La visita del circuito a sudamérica no solamente nos mostró la salud deportiva del circuito profesional, sino también que nuestro deporte llegó para quedarse. O mejor aún, para seguir creciendo.
Tres torneos, Asunción en Paraguay, Mar del Plata en Argentina y Santiago en Chile. Que explote todo en Argentina, más que nada en Mar del Plata, la primera ciudad del mundo donde el pádel se transformó en popular, no sorprende, pero nos marca que el crecimiento en nuestro país no para. Entradas agotadas desde el jueves, ocho mil personas abarrotadas demostrando que el deporte en Argentina se vive con pasión, diciendo que el 20×10 sigue en curva ascendente.
Ahora sí podría ser sorpresa ver el circuito profesional pisando Chile y Paraguay. Si bien son dos países que hace mucho tienen pádel, nunca había llegado a la popularidad que tiene ahora. Público entusiasmado, conocedor, disfrutando con pasión sudamericana el mejor pádel del mundo. Si bien los estadios no estaban rebalsados como el Polideportivo de Mar del Plata, el deporte goza de muy buena salud, y son dos países más que se están ganando un lugar en el panorama mundial a fuerza de sumar gente, que en definitiva es lo que más sirve.
Todo eso desde el punto de vista del crecimiento y del desarrollo, pero vamos a lo más importante: lo deportivo.
Desde ese lado, dos parejas marcaron diferencias: Coello/Tapia y Galán/Chingotto acapararon las tres finales. El Mozart y el Rey dominaron (dos títulos y una final, en la que no estaban bien físicamente) los ponen como grandes candidatos al uno, al encarar la segunda parte del año. Y un título y una final le dan la razón a Galán en la elección de su nuevo compañero, y los pone como candidatos a pelear por el uno.
Atrás de ellos, un paso arriba de los demás, un paso abajo de los dos primeros, los Súperpibes. Di Nenno y Stupaczuk metieron tres semis, pero ninguna final. Un resultado que puede ser muy buena para cualquiera, pero que para Franco y Martín puede sonar a poco, teniendo en cuenta que se los presentaba como candidatos a pelear el uno. Tienen pasta, tienen juego, todavía pueden. Es cuestión de afinar un poco más.
Y, un paso abajo, podemos nombrar a Lebrón y Navarro. Los españoles, ex-número uno como pareja, metieron dos semifinales. Al igual que los súperpibes, suena a poco para la expectativa que habían generado. A diferencia de los Súperpibes, parece que la mecha es muy corta. Tienen que aparecer rápido los resultados.
El Boss en Mar del Plata, un párrafo aparte
El mejor jugador de la historia se retira este año. Y Mar del Plata fue la única parada del circuito en Argentina, por lo que el torneo en La Feliz fue el último de Fernando Belasteguín en Argentina como profesional.

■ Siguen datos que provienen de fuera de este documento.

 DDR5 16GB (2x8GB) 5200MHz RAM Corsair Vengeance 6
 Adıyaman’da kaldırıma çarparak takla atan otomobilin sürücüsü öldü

Y lo que causó Bela en ese torneo fue indescriptible. Además, apoyado por un torneo que parecía guionado para su despedida. Dos partidos épicos en tres sets para meterse en cuartos, donde cae ante la pareja uno, Coello/Tapia. Dos jugadores jóvenes que lo tuvieron como compañero en sus recientes lanzamientos en el circuito, que profesan una declarada admiración por Bela, y que le cedieron el protagonismo con gusto.
Mar del Plata fue la despedida de Argentina que se merece el más grande, los que asistan al resto de los torneos que faltan para terminar el año en todo el mundo, aprovechen. En unos años le van a poder decir a sus hijos que vieron en vivo al mejor de todos.